# [The task]
Make an exact copy, from the records below, of the lines from the line containing "Set 3 doze din plastic Round, 1 l" to the line containing "Imagem de Kit", both lines included, excluding pictures.

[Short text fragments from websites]
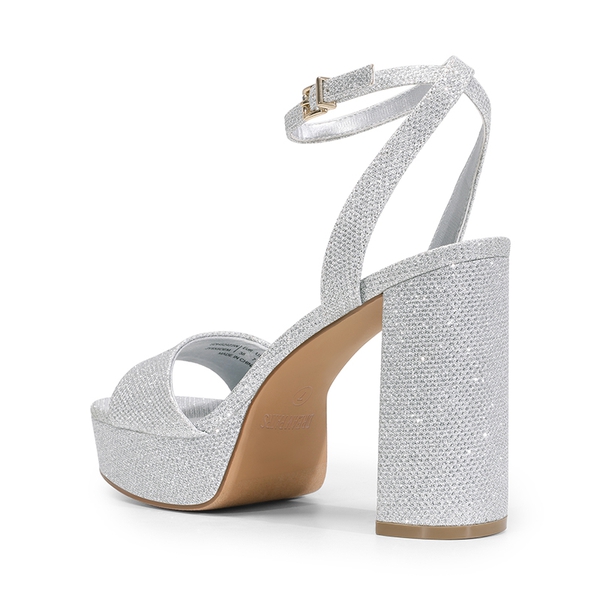 Ankle-Strap Platform Chunky High Heel Sandals - SILVER-GLITTER - 4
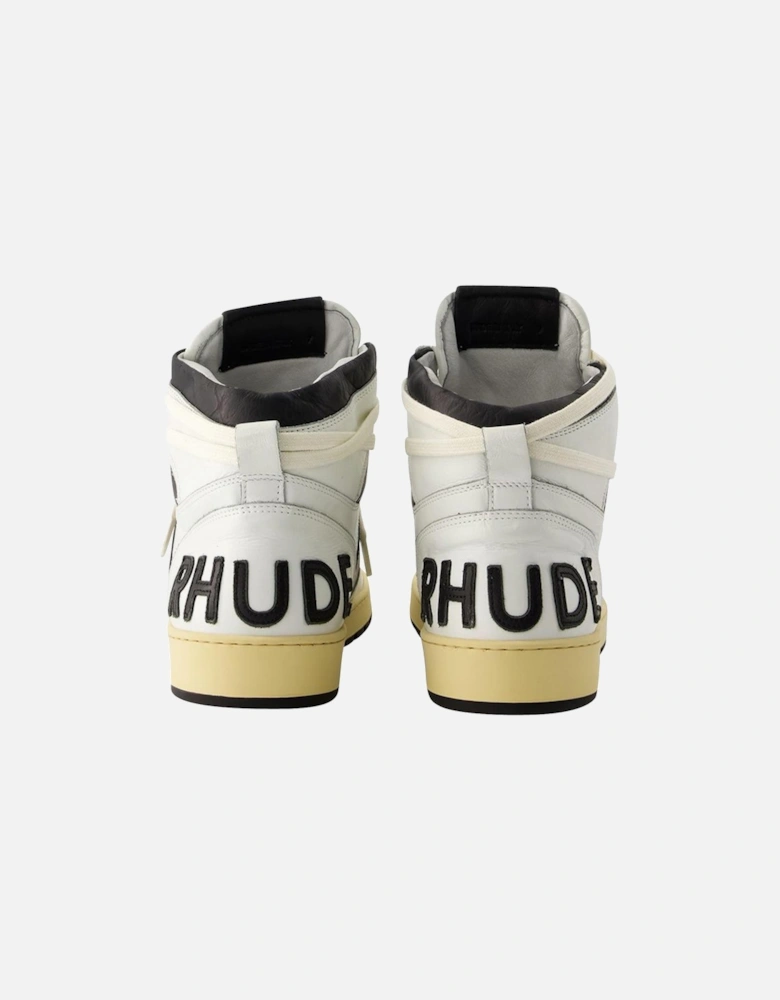 Bold and Unique Leather Sneakers with Rubber Sole - Top Laces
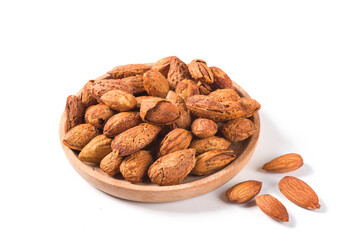 Almonds isolated on white background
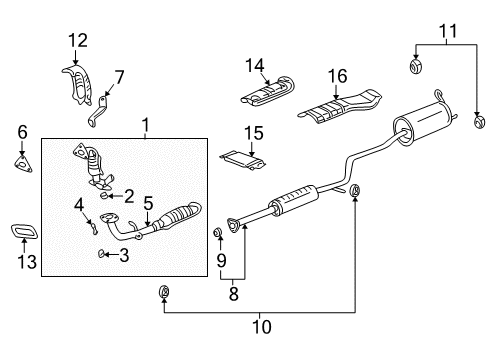 2006 Honda Insight Exhaust Manifold Muffler Set, Exhuast Diagram for 18030-S3Y-E00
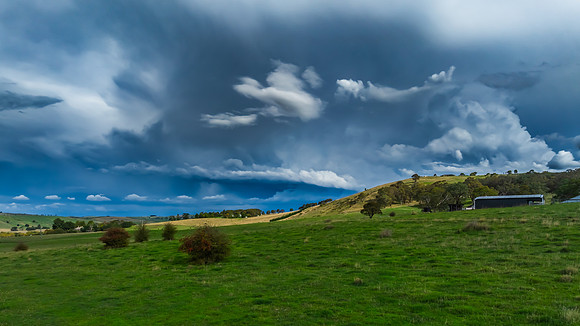 Afternoon storms rolling in across the countryside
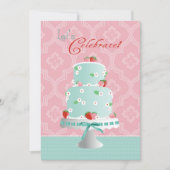 Erdbeerkuchen Geburtstag Einladung (Vorderseite)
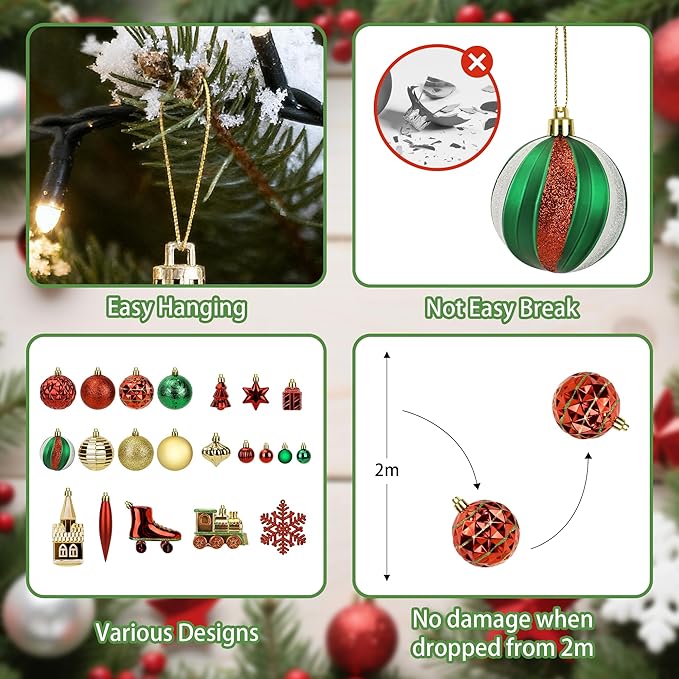 90pcs Christmas Balls Ornaments Set,Shatterproof Plastic Ball Set with Hanging Strings,Hanging Ball Ornaments for Xmas Party Christmas Tree Decorations,Early Ideas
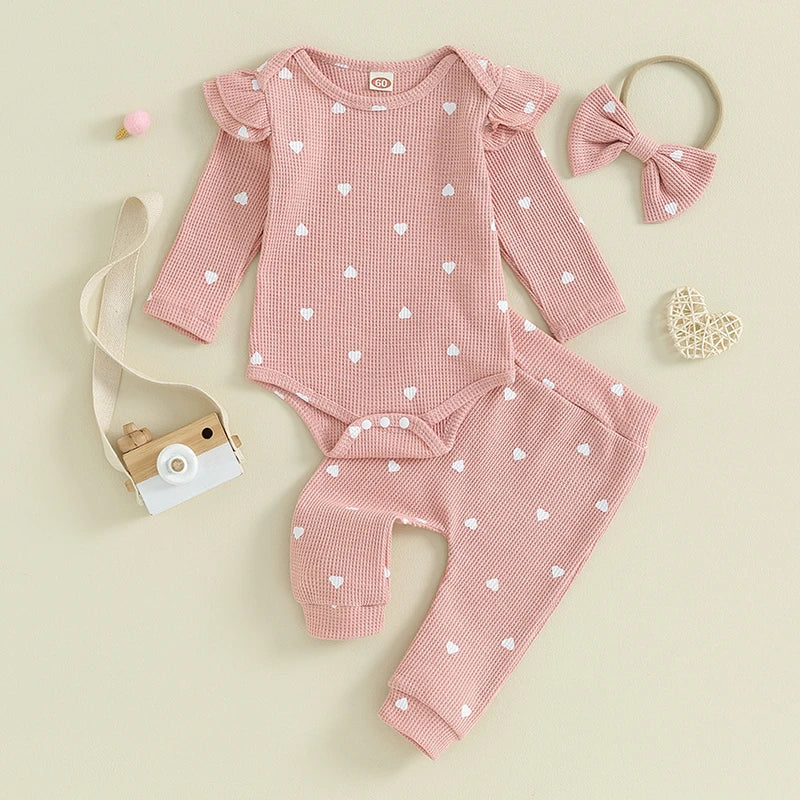 3-24MO Baby Girl Set Waffle Knit, Heart Long Sleeve Romper Pants Headband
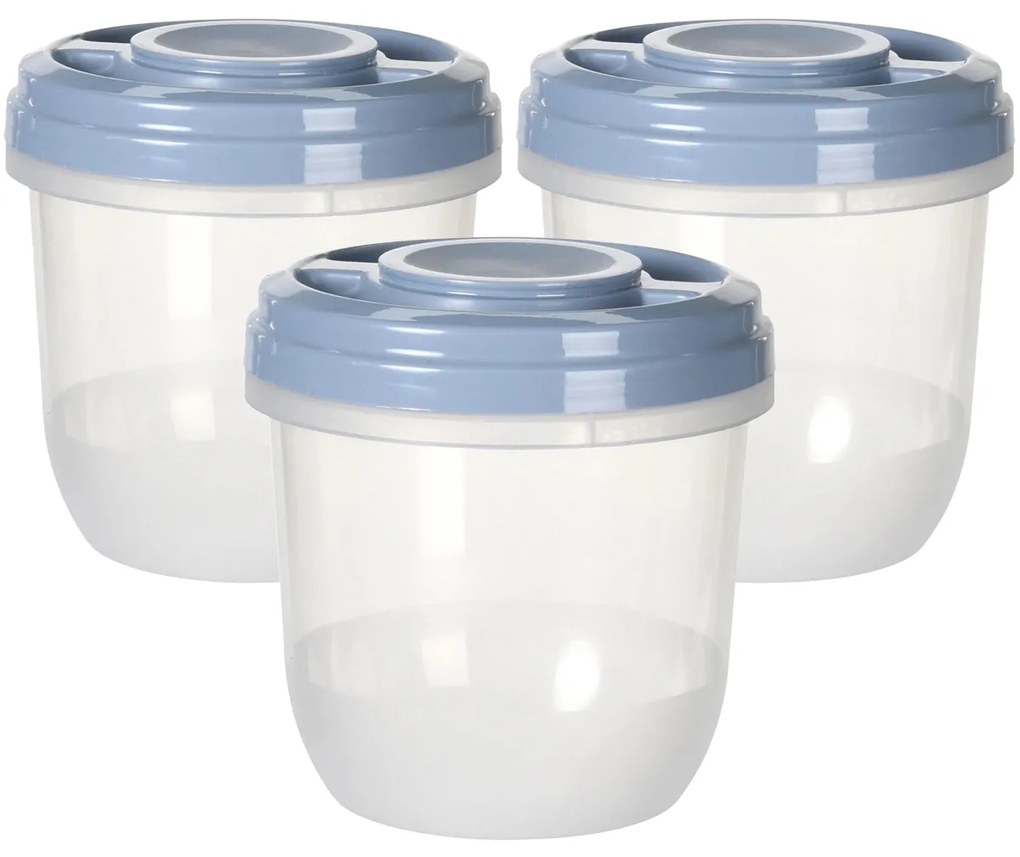 Set 3 doze din plastic Round, 1 l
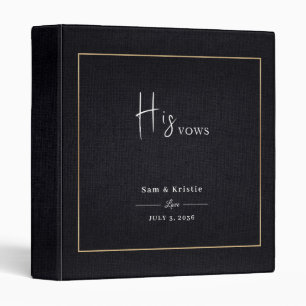 Personalized His Her Vows Gold Frame Fabric Look  Binder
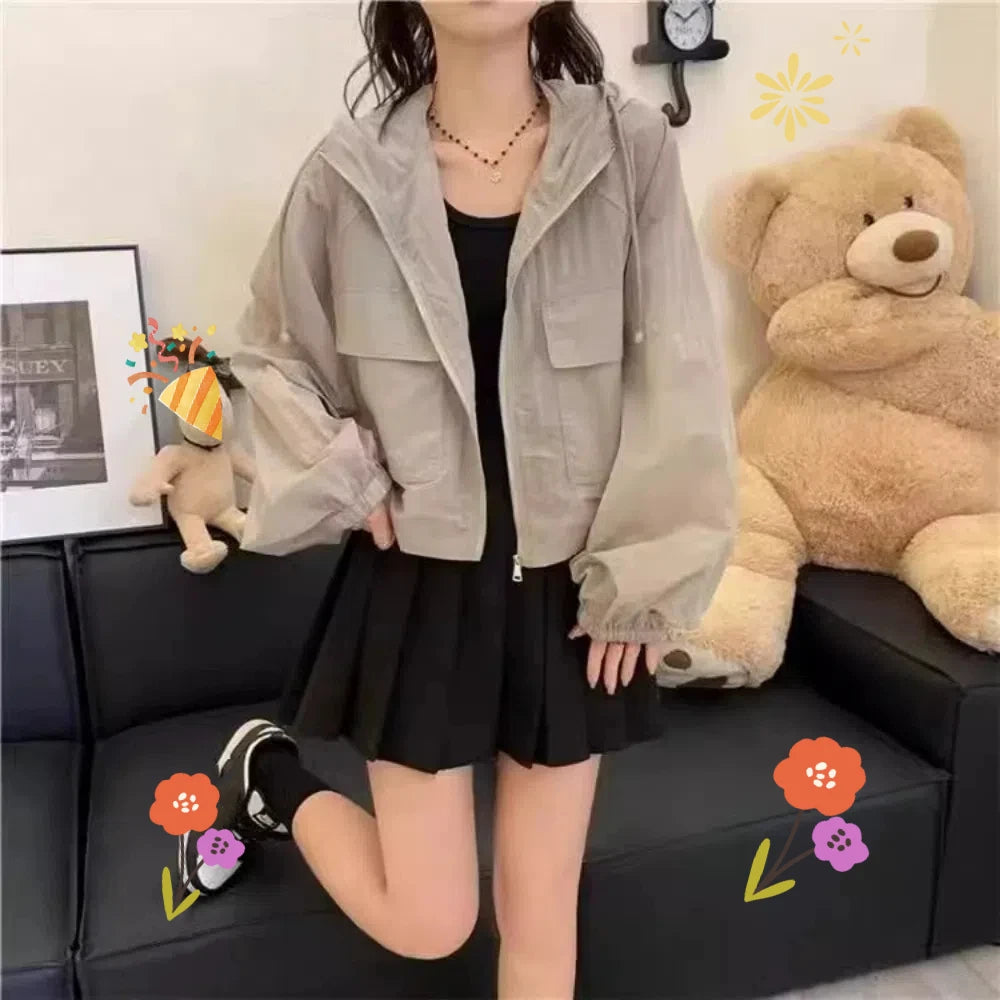 Simplicity Thin Sunscreen Clothing Anti UV Loose Summer Long Sleeved Jacket Waterproof Quick Dry Women's Outdoor Sports
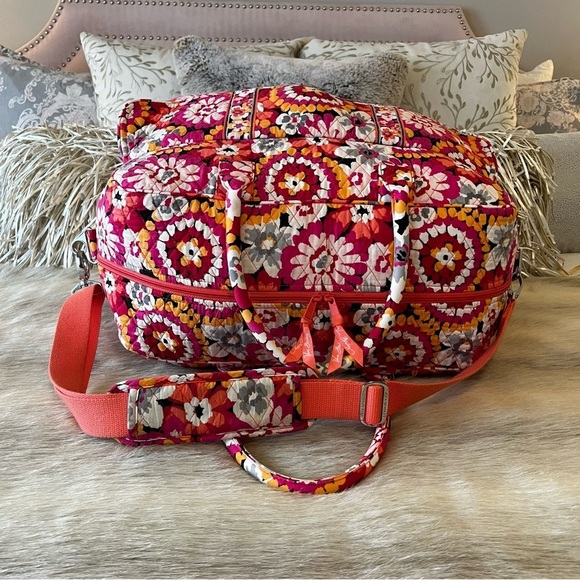 VERA BRADLEY Pixie Blooms Iconic Grand Traveler Bag 2015 Pink Orange Floral - Picture 11 of 15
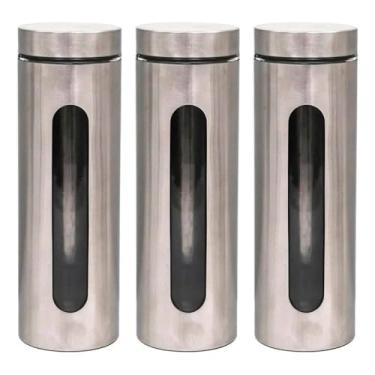 Imagem de Kit Com 3 Potes Vidro Vítreo Grande Revestidos Em Inox 1,8L com Tampa Hermética e Visor - Ideal para Armazenar Macarrão, Arroz, Feijão, Açúcar, Grãos e Mantimentos - Organização Da Cozinha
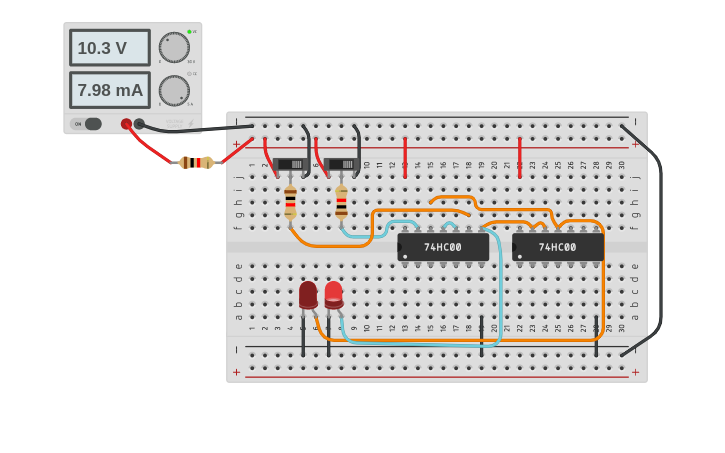 Circuit design Copy of Асинхронный RS Триггер - Tinkercad
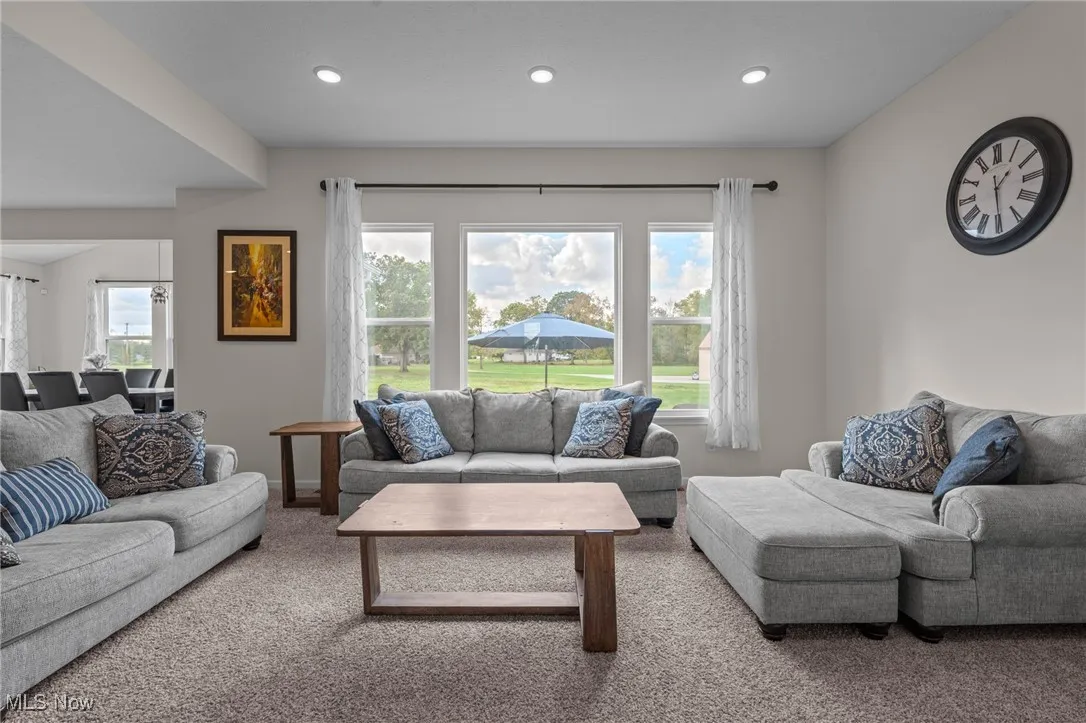 Living area with carpet flooring and recessed lighting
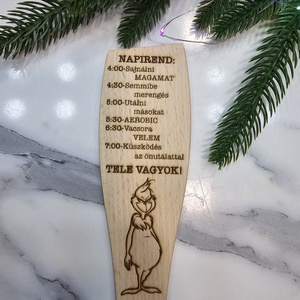 Grincs gravírozott fakanál , Otthon & Életmód, Dekoráció, Dísztárgy, Gravírozás, pirográfia, MESKA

# [Problem solution]
 Set 3 doze din plastic Round, 1 l
 Personalized His Her Vows Gold Frame Fabric Look  Binder
 Simplicity Thin Sunscreen Clothing Anti UV Loose Summer Long Sleeved Jacket Waterproof Quick Dry Women's Outdoor Sports
 VERA BRADLEY Pixie Blooms Iconic Grand Traveler Bag 2015 Pink Orange Floral - Picture 11 of 15
 Imagem de Kit Com 3 Potes Vidro Vítreo Grande Revestidos Em Inox 1,8L com Tampa Hermética e Visor - Ideal para Armazenar Macarrão, Arroz, Feijão, Açúcar, Grãos e Mantimentos - Organização Da Cozinha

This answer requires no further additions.